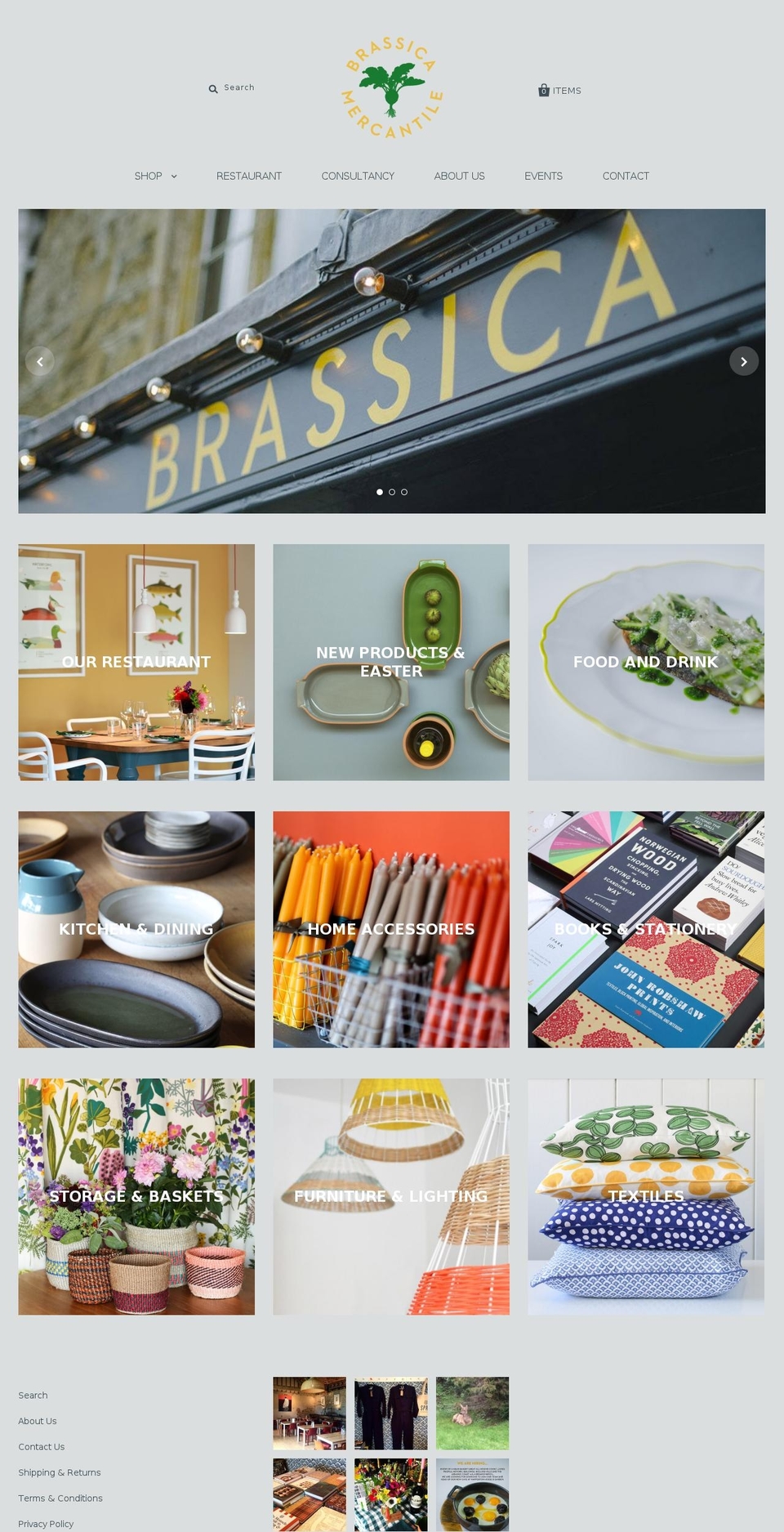 Mercantile + Filters - March Shopify theme site example brassicamercantile.co.uk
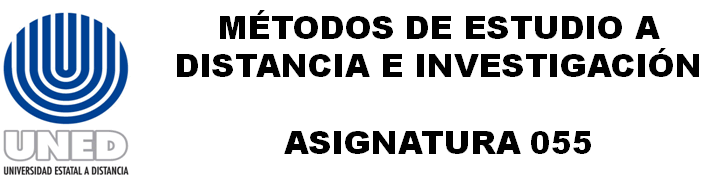 Curso 055 Métodos de Estudio a Distancia e Investigación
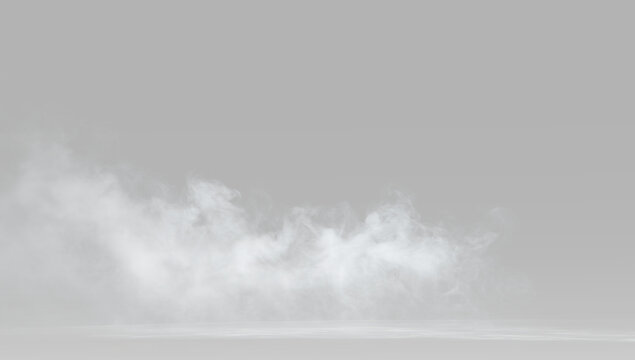 Smoke effect realistic white smoke isolated transparent cloud floating fog haze mist overlay texture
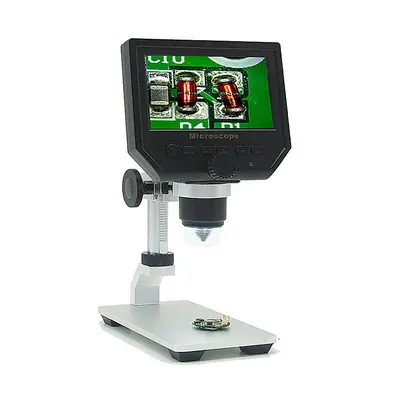 G600 Digital 1-600X 3.6MP 4.3inch HD LCD Display Microscope Continuous Magnifier Upgrade Version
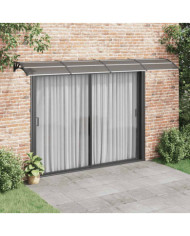 Auvent de porte Noir 400x75 cm Polycarbonate | Mobilier & Déco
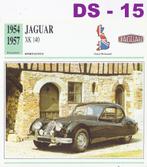 Ds15 autokaart jaguar xk 140 ( 1954 - 1957 ), Ophalen of Verzenden, Zo goed als nieuw, Auto's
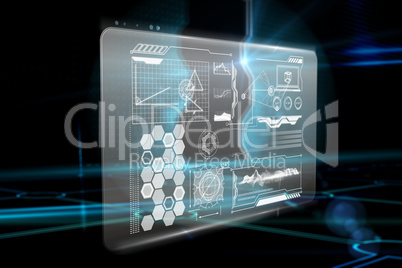 Composite image of technology interface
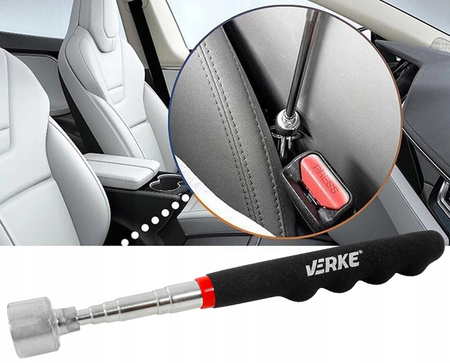 VERKE V86061 CHWYTAK TELESKOPOWY Z MAGNESEM 180-770 MM WARSZTATOWY GRABBER DO ŚRUB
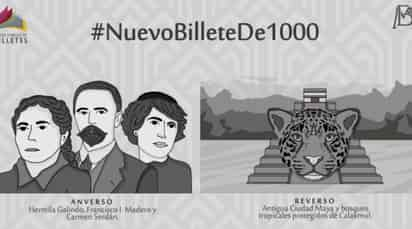 La nueva pieza podría aparecer en noviembre ya que será alusivo a la Revolución Mexicana, que este año celebra 110 años. (ESPECIAL)
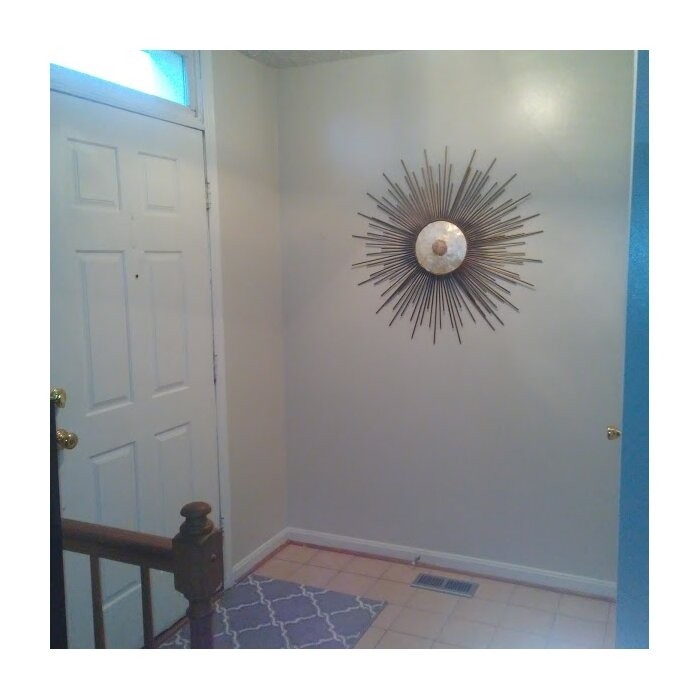 Metal Capiz Wall Decor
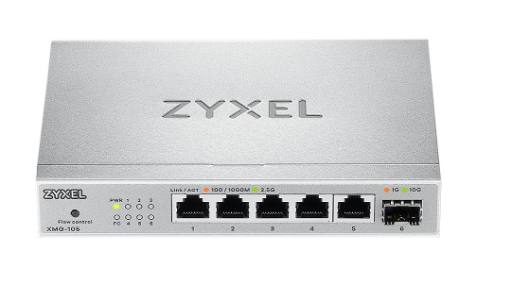 [27379] Zyxel Switch Multi-Gig 5-Port 2.5GbE + 10G SFP+ XMG-105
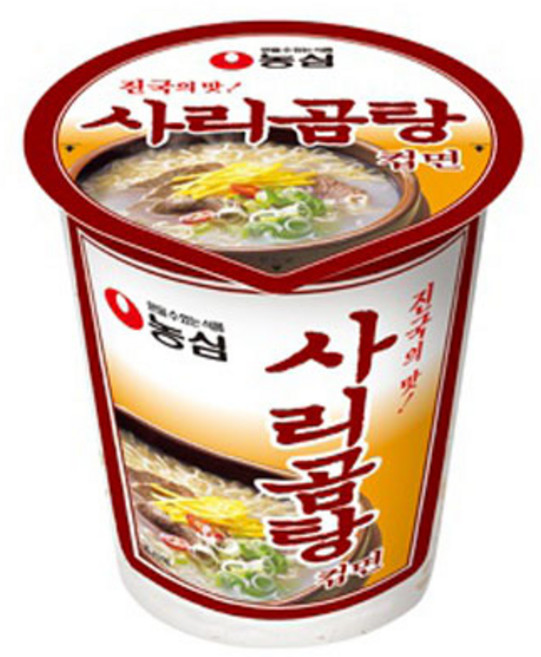 농심 사리곰탕면 미니컵 30개 작은 컵라면 사골국물, 1박스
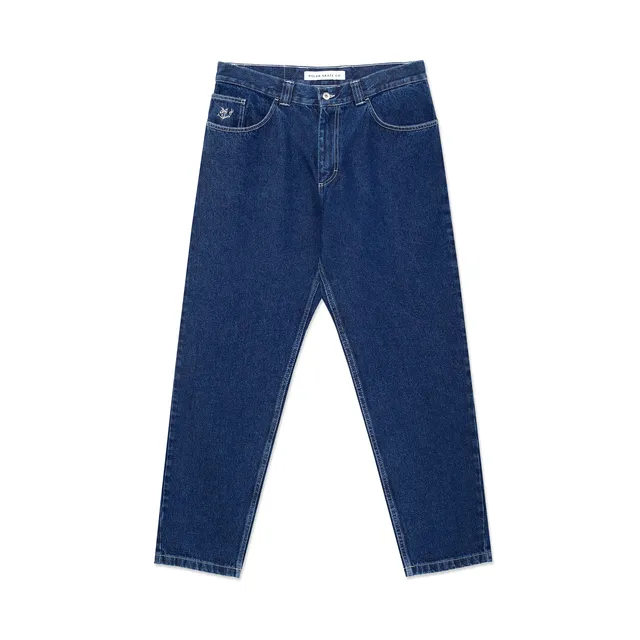 polar-skate-co-92-pants-dark-blue-w-white-stitching image 1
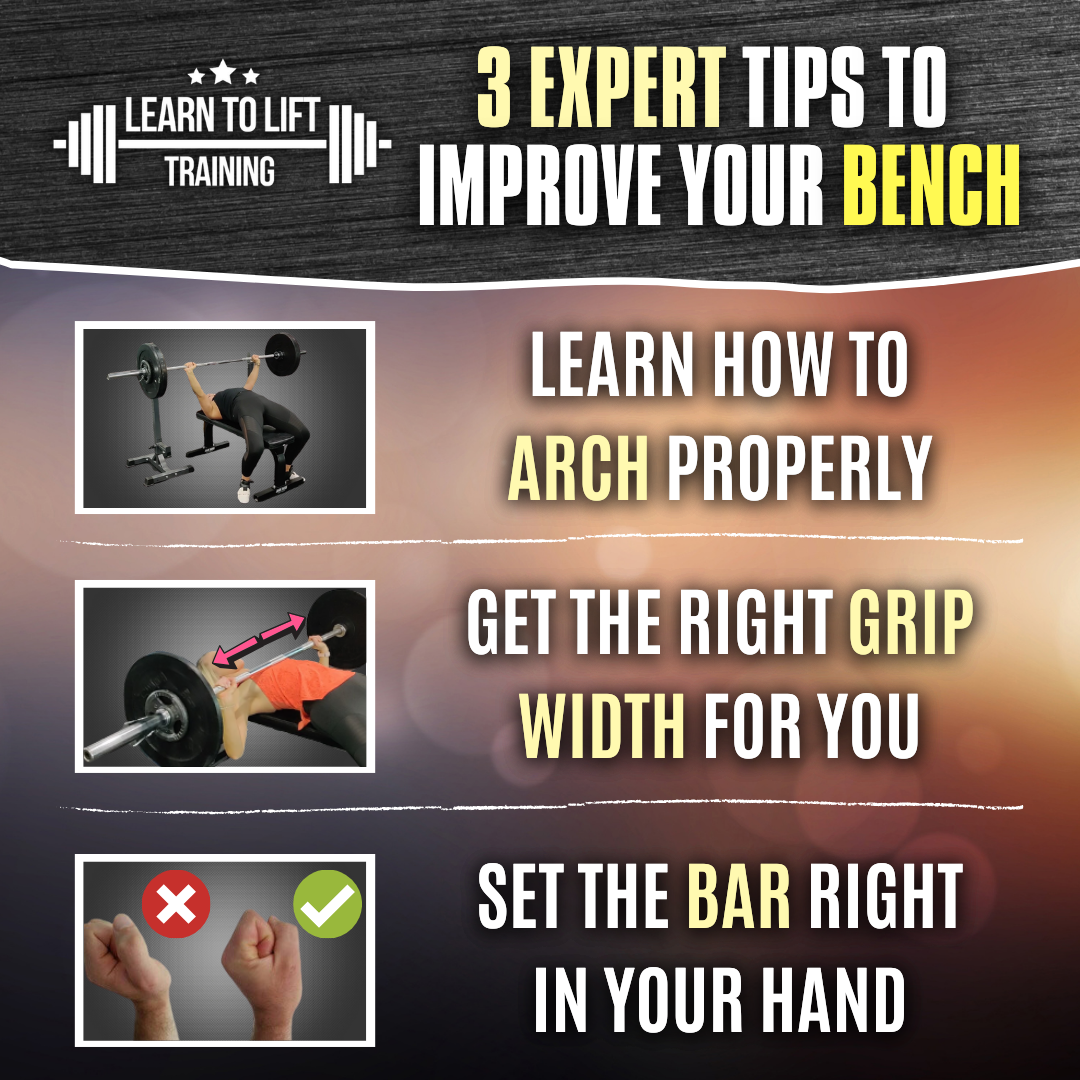 3 Expert Tips to Boost Your Bench Press from a Glasgow Personal Trainer Infographic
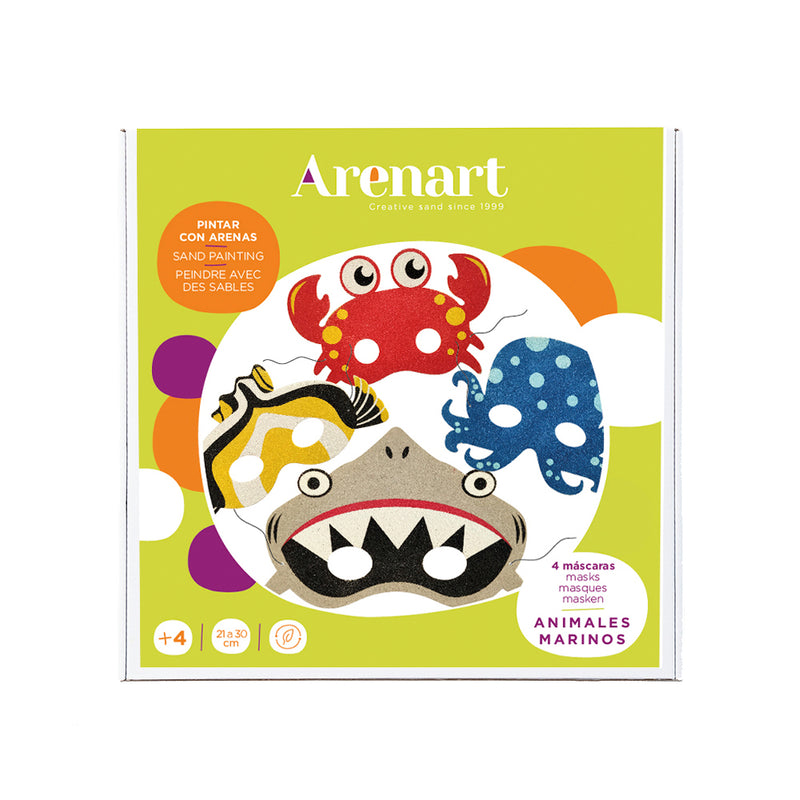 KIT ARENART MÁSCARAS ANIMALES MARINOS II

#### [REQUIRED ACTION]
The span to retype runs from the line containing "VERKE V86061 CHWYTAK" through the last line of the listing above, both ends included; copy it exactly, without pictures.

#### [RESULT FOR THIS EXERCISE]
 VERKE V86061 CHWYTAK TELESKOPOWY Z MAGNESEM 180-770 MM WARSZTATOWY GRABBER DO ŚRUB
 La nueva pieza podría aparecer en noviembre ya que será alusivo a la Revolución Mexicana, que este año celebra 110 años. (ESPECIAL)
 Metal Capiz Wall Decor
 [27379] Zyxel Switch Multi-Gig 5-Port 2.5GbE + 10G SFP+ XMG-105
 농심 사리곰탕면 미니컵 30개 작은 컵라면 사골국물, 1박스
 polar-skate-co-92-pants-dark-blue-w-white-stitching image 1
 3 Expert Tips to Boost Your Bench Press from a Glasgow Personal Trainer Infographic
 KIT ARENART MÁSCARAS ANIMALES MARINOS II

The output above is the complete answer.